▸ Your instructions
The answer is to be the lines below that lie between the line holding "五十年実占集　易占宝典" and the line holding "美女云集《姬魔恋战纪》萝莉御姐来报道! 美女云集《姬魔恋战纪》萝莉御姐来报道!", inclusive, transcribed exactly and free of pictures.

▸ Record set
====

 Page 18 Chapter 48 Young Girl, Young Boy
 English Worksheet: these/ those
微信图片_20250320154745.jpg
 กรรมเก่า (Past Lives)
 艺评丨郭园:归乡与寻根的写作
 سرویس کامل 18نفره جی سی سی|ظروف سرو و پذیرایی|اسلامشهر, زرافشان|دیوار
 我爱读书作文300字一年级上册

====

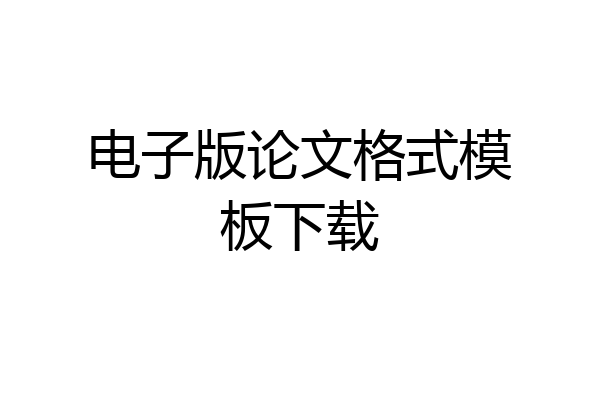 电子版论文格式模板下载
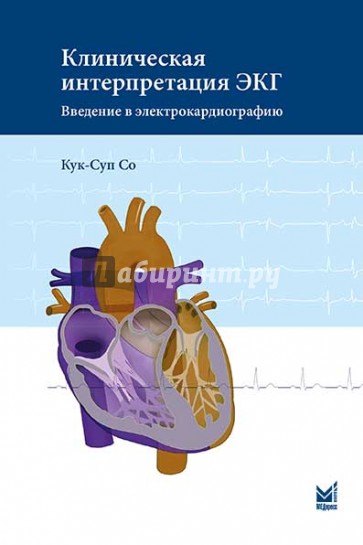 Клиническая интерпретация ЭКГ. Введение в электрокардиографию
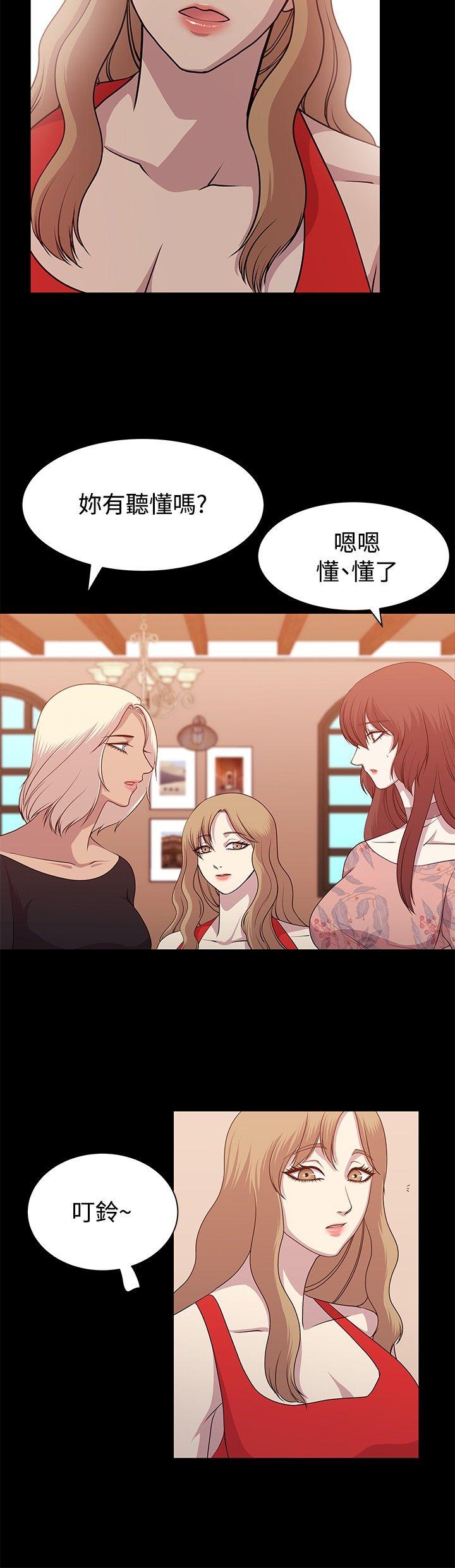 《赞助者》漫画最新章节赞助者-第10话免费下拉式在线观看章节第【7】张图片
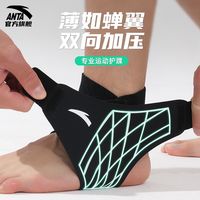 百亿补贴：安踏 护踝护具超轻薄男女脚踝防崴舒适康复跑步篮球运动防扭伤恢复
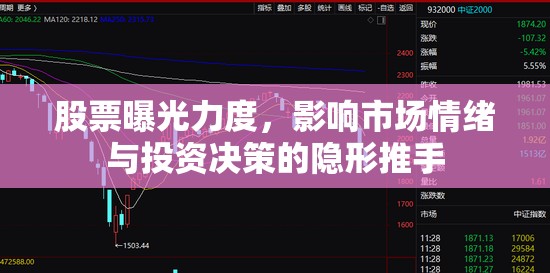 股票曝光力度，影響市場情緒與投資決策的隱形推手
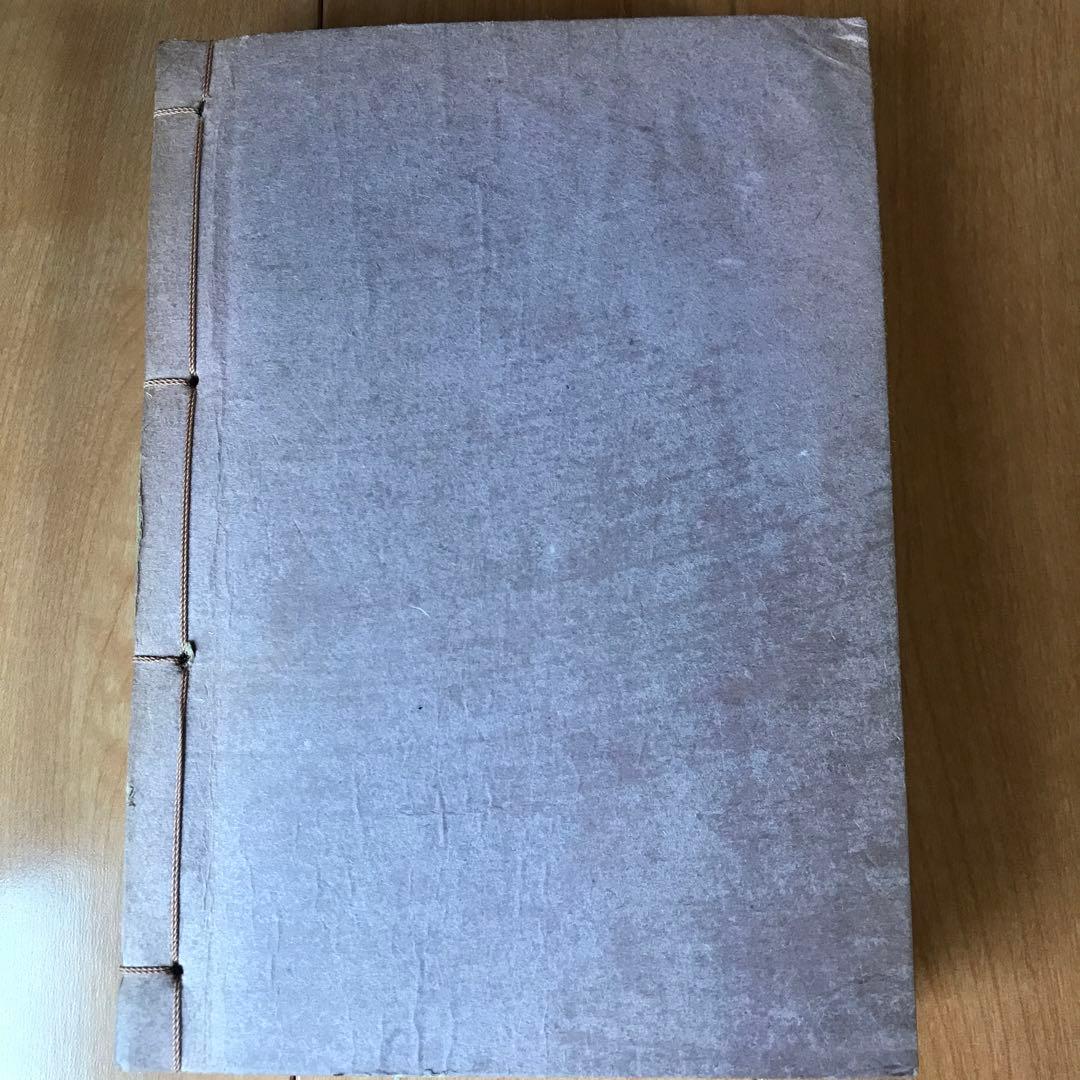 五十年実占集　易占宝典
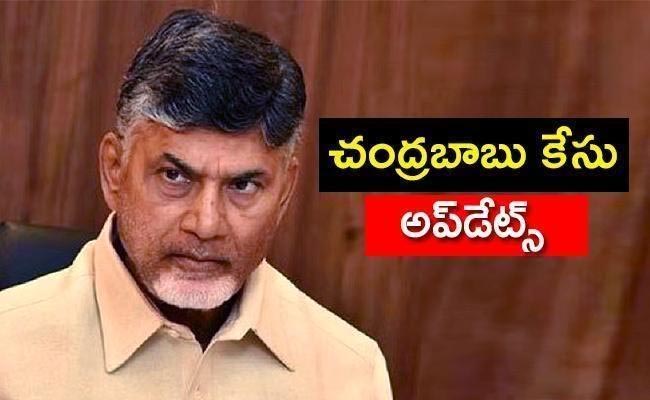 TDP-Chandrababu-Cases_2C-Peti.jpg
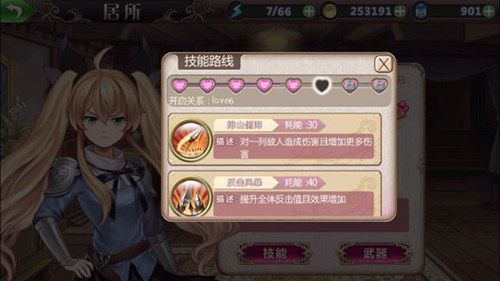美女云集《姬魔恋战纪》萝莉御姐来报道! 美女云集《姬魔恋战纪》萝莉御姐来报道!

====

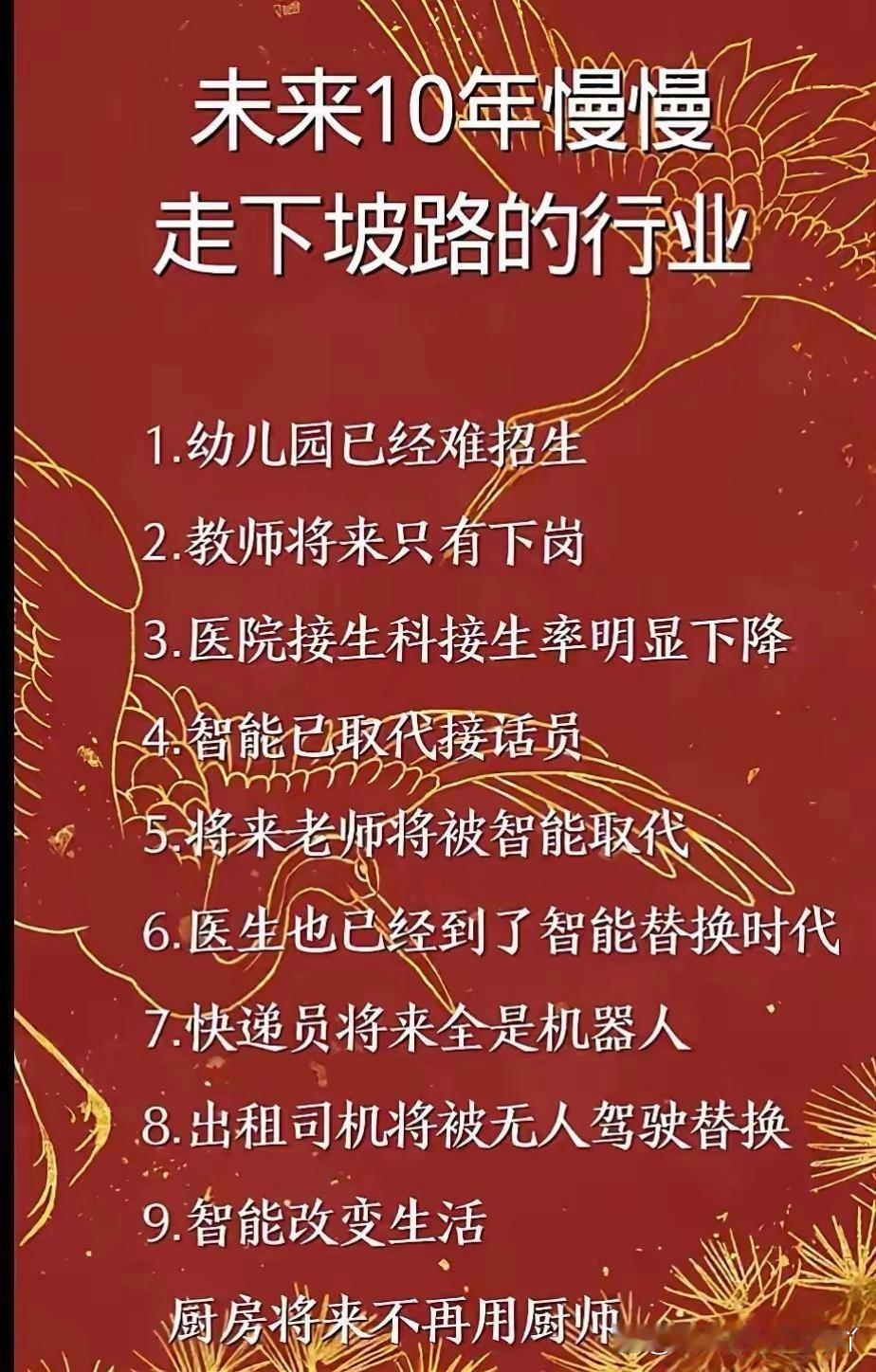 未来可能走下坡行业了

====

▸ Task result
 五十年実占集　易占宝典
 TDP-Chandrababu-Cases_2C-Peti.jpg
美女云集《姬魔恋战纪》萝莉御姐来报道! 美女云集《姬魔恋战纪》萝莉御姐来报道!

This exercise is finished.